The series assimilates many facets: a ceaseless wanderlust, an obsession with collecting, a reveling in new perspectives, and a deep fascination with the impenetrable miscellany of detritus/treasure that filters through time. I am enthralled by the objects and remnants that fall through the cracks - caught somewhere in limbo between belonging(s) and trash - the habitually forgotten residues of other people's lives.

I tend to think of myself less as an artist and more as a Bower Bird, compositing and arranging archipelagos of intricate nests.

The collages each engage directly with a sense of place. Every collection is comprised of materials gathered in a single location. Drawing on the limitations and precision of the imagery, the collages reveal a sort of palimpsest of ethos - a layering of mutating cultural vogues, the anonymous censorship of time, and my own socially muddied sense of self.

The body of work as a whole is littered with tropes of fragmentation - implications of a new homeless, rudderless generation - splintered egos, empty thresholds, indistinctive, fractured landscapes. The series is motivated by an exacting arrangement, a sensitive cataloging of the sublime, casual, and transitory images that assemble our lives.

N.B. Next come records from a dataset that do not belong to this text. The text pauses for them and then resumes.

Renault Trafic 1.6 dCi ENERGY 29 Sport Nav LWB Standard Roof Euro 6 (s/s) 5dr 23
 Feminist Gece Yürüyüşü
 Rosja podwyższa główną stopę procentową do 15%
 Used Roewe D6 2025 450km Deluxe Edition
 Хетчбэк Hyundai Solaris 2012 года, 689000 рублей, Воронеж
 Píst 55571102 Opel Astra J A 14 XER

From Where I Am is more than a series of two-dimensional collages; it is, quite physically, an orientation toward community, connection, and identity - a reflection of my existence as a foreigner. In my work as a filmmaker I have spent long periods in Japan, Russia and Eastern Europe, I've traveled extensively across parts of Africa and the Middle East, lived with a family of reindeer herders in Northern Lapland, in a crumbling castle in the Germany countryside, and I currently reside in South Korea. I am rarely at "home" for more than two or three months a year. The sensation of being immersed in a culture and language to which I don't belong is of equal importance to the delicate lines of communication that tie me back to those I know. Each collection of collages is sent to various recipients, inscribed with a personal message, from where I am.